Tag-value example appears to have typo for "excludes" in Package Verification Code
Looking at the tag-value example file in the development/2.2.1 branch, the PackageVerificationCode line has an "excludes file" value:
https://github.com/spdx/spdx-spec/blob/cd0876094cfe96e5ecf5fb04c61244d5e077673a/examples/SPDXTagExample-v2.2.spdx#L78
However, according to section 3.9.6 of the 2.2 spec, I think there should be an excludes: sub-tag which is missing in the example file. So I think this should instead read:
PackageVerificationCode: d6a770ba38583ed4bb4525bd96e50461655d2758(excludes: ./package.spdx)
I'm happy to submit a PR to fix this, though I'm guessing this is generated by the SPDX Java tools so I'm wondering if it is an issue for https://github.com/spdx/tools instead...

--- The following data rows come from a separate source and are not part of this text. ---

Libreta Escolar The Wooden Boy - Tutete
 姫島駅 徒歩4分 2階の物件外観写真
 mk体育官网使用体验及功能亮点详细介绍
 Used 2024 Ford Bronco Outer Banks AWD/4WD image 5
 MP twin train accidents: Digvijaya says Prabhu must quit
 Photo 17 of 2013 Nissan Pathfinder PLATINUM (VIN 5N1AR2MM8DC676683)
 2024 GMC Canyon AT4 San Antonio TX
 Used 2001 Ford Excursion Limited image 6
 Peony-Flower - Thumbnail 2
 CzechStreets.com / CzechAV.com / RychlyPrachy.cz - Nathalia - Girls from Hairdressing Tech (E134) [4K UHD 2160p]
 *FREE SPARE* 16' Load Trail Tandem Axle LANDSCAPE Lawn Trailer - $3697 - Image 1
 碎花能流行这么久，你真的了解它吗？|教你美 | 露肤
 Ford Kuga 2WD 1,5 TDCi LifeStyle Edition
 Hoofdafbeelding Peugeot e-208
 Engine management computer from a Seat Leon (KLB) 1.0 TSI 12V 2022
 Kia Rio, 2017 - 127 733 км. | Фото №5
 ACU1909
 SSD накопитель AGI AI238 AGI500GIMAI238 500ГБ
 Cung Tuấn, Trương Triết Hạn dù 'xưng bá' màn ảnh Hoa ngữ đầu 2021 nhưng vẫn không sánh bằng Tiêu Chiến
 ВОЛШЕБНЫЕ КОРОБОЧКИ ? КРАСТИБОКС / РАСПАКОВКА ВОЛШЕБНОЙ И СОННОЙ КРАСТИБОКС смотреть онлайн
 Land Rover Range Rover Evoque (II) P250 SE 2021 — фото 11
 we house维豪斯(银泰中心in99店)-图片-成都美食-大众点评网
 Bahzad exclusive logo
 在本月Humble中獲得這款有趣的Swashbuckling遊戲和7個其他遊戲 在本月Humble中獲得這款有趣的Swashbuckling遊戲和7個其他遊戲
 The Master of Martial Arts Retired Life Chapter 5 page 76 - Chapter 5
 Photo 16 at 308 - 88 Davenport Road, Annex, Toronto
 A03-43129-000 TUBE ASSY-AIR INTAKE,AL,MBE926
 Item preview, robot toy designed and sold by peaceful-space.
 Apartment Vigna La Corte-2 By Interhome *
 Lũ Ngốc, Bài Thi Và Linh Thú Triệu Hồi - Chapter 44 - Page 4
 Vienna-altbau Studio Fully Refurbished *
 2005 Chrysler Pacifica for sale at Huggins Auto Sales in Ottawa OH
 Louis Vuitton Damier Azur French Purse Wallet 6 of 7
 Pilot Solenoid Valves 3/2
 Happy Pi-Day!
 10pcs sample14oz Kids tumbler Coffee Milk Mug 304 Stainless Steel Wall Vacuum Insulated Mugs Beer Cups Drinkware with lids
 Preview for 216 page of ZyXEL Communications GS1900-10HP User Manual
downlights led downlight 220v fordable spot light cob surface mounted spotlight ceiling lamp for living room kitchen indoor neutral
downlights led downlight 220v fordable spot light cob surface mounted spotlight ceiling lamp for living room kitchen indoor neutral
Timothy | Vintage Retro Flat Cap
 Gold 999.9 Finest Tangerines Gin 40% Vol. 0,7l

It's a bigger problem than that.
- The spec says: 3.9.6 Tag: PackageVerificationCode: (and optionally (excludes: FileName))
- The example says:
<packageVerificationCodeExcludedFile>
./package.spdx
</packageVerificationCodeExcludedFile>
- The JSON Schema says:
"packageVerificationCodeExcludedFiles" : {
"description" : "A file that was excluded when calculating the package verification code. This is usually a file containing SPDX data regarding the package. If a package contains more than one SPDX file all SPDX files must be excluded from the package verification code. If this is not done it would be impossible to correctly calculate the verification codes in both files.",
"type" : "array",
"items" : {
"description" : "A file that was excluded when calculating the package verification code. This is usually a file containing SPDX data regarding the package. If a package contains more than one SPDX file all SPDX files must be excluded from the package verification code. If this is not done it would be impossible to correctly calculate the verification codes in both files.",
"type" : "string"
}
- The "BEER-WARE" test file says:
"packageVerificationCode" : {
"packageVerificationCodeExcludedFiles" : [ "./package.spdx" ],
"packageVerificationCodeValue" : "d6a770ba38583ed4bb4525bd96e50461655d2758"
},
The JSON schema and JSON example calls it "ExcludedFiles" (plural) and includes a single file in an array that could hold more than one. The XML example calls it "ExcludedFile" (singular) and includes one file inside the element.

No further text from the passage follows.